Okay everyone, it is time to stop saying things like "gosh darn it". Things like that, that were originally (in their second incarnation) said by people like David Letterman, like 15 or 20 years ago in an ironic way, sound so, so, so tired today. Is anyone with me? I wish you could see me now--the look on my face is -- well it's like I am in a musical and I am about to break tghe mood by starting a song.

God, i hate musicals. Hate them! You're watching a movie, starting to get into it, them whammo, someone breaks my concentration by starting to sing. Grease was okay I guess. I saw it as a kid and I can remember kinda rockin' out to that greased lightening song. But I was a super nerdly kid, so don't be taking that as proof of anything

Sunday, September 21, 2003

My Secret Shame and a Great Band

This may make me sound like a screaming pre-teen hysteric, but goddammit I love that Maroon5. Looooooove them.

More G-Damn Kelly Ripa!

I saw Kelly Ripa being interviewed by Barbara Walters the other night. I have a history with Kelly. First I really liked her and was so hoping she would get the Regis gig and then she got it and she was great, then she started to get on my nerves some. (I remember thinking I miss KathieLee, who was the kind of woman you felt justified making fun of). Then Kelly really started to bug me with her perfect life. And everywhere I looked it was kelly kelly, kelly! And at the same time as the world was making this huge fuss of her, I felt she was becoming the modern day kathie Lee, with her constant talking about how hot her husband is, and how beautiful her kids are, and how she hates that Hamptons traffic. But then, like I said, I saw her on 20/20 and there was a clip of her dancing on a local dance show from about 13 years ago, and I have to say, seeing that, my attitude softened.

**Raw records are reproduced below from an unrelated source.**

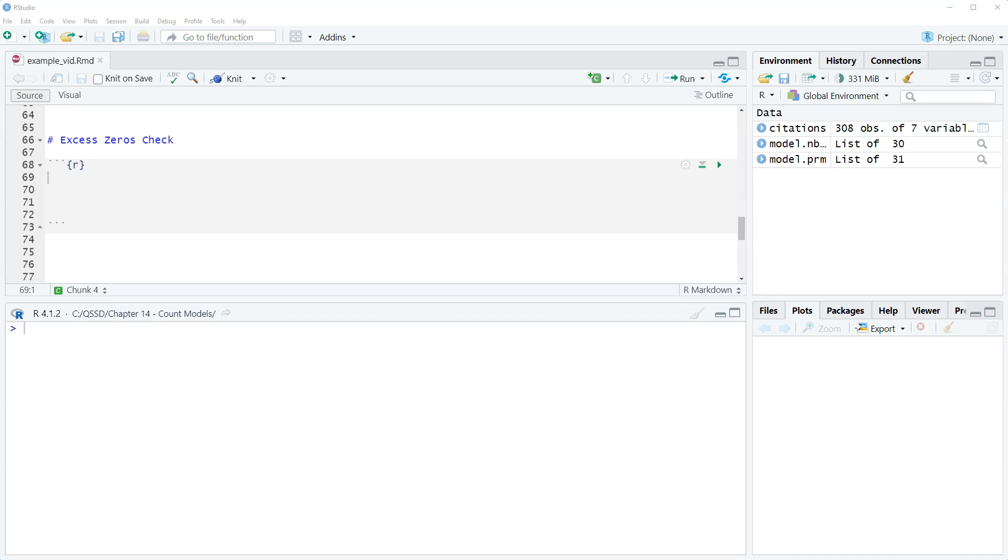And the predicted zeros are based on our model. So we can do this by hand. Some people do plots of it where they plot the number of observed and predicted and see if there's a difference.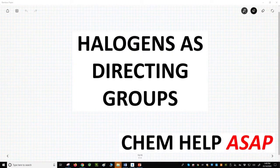Hello from Chem Help ASAP. A common R group on aromatic rings is a halogen — fluorine, chlorine, bromine, and iodine. Are these considered electron donating or withdrawing?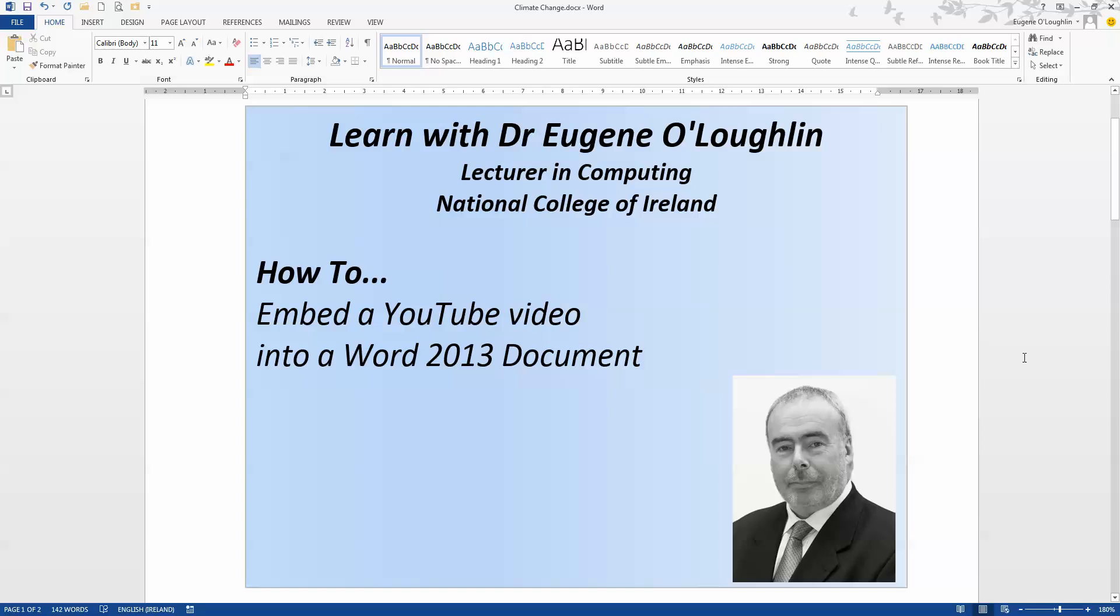Hi everybody, this is Eugene O'Loughlin, lecturing computing at the National College of Ireland and welcome to my series of short how-to videos.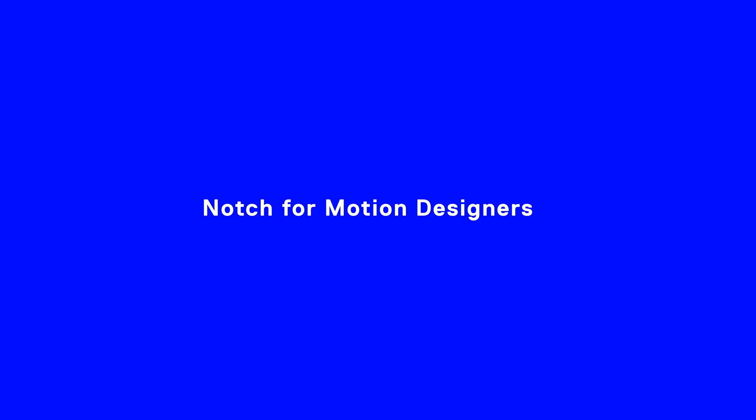Hello and welcome to Notch for Motion Designers. I'm Emil, also known as Hard, a Tokyo-based motion and notch designer. Today I'm going to explain how I set up a light wrap in Notch.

Madonna, The Remedial Spirituality Student

Is it just me or is anyone else alarmed by the fact that madonna has been studying Taoism, Kabballah and who knows what else and is only NOW coming to the realization that "material things do not matter". That material things are unimportant has got to be the basic fucking tenet of every single school of spirituality, and she is only getting that now, like 10 years later!?

Plus her and Brittney man, it was like watching a teenager make out with her friend's mom.